His numerous works, chiefly philosophical, have a strong bias toward "occultism", and run counter to the received opinions of his time in theology and scholastic philosophy. At the time, there was little comprehension of "natural magic" which he advocated- seeking nature the natural and spiritual in the spirit. This is why the Abbot Johannes Trithemius of Sponheim advised him to communicate his views as a secret doctrine to those able to rise to a similar conception of nature and spirit, for "one gives only hay to oxen and not sugar, as to songbirds." Agrippa did not let his three volume Philosophia occulta appear until 1531, though it had been written for 20 years, as he considered it to be immature. In it, he embraces astrology, divination, numerology and the power of gems and stones; it was also rumored he practiced necromancy as way of consulting the spirits of the dead.

Source:
1. Agrippa von Nettesheim, Heinrich Cornelius, 1486?-1535. Three books of occult philosophy or magic by...Henry Cornelius Agrippa von Nettesheim...Book one-Natural magic; which includes the early life of Agrippa, his seventy-four chapters on natural magic, new notes, illustrations, index, and other original and selected matter, Ed. by Willis F. Whitehead. By direction of the Brotherhood of magic: The magic mirror, a message to mystics, containing full instructions on its make and use... (Chicago : Hahn & Whitehead, 1898)

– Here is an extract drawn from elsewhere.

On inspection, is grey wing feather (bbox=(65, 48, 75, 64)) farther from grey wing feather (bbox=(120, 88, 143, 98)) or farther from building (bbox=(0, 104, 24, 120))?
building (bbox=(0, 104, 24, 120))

2. Cornelius Agrippa, the humanist theologian and his declamations / by Marc van der Poel. Leiden The Netherlands ; New York : E.J. Brill, 1997
Notes:
µ This pretty much secured Agrippa's infamy in the eyes of the Roman Catholic Church. The priest he argued against was already notorious for the use of torture and illegal searches, but The Inquisition would rather things run smoothly. According to the entry in the Encyclopedia of Witches and Witchcraft, after Agrippa himself died, a ersatz grimoire entitled the Fourth Book of Agrippa served as a popular textbook for country witches which became the classic handbook for witches on how to avoid witch-hunters, even through Agrippa never actually penned such a work.

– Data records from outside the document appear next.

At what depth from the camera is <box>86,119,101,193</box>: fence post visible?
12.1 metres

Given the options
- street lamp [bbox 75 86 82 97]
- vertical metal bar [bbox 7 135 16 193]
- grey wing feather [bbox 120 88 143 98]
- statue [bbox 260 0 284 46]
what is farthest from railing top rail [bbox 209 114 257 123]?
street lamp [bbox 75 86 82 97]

~ This got him run out of town by the local monks on the charge of being a 'judaising heretic', as they apparently didn't like the way Agrippa made Hebrew scholastic practice look just as legitimate as medieval Church thinkers. The work itself by Reuchlin was a Neoplatonic tract published in Basel in 1494. It caused quite a stir for its eludication of the Pentagrammaton and insistance that true knowledge comes through revelation, not mere observation.
ƒ This was on account of they being free-thinking Lutherans who, understandably, found the Mother Church could be a bit doctrinaire by times.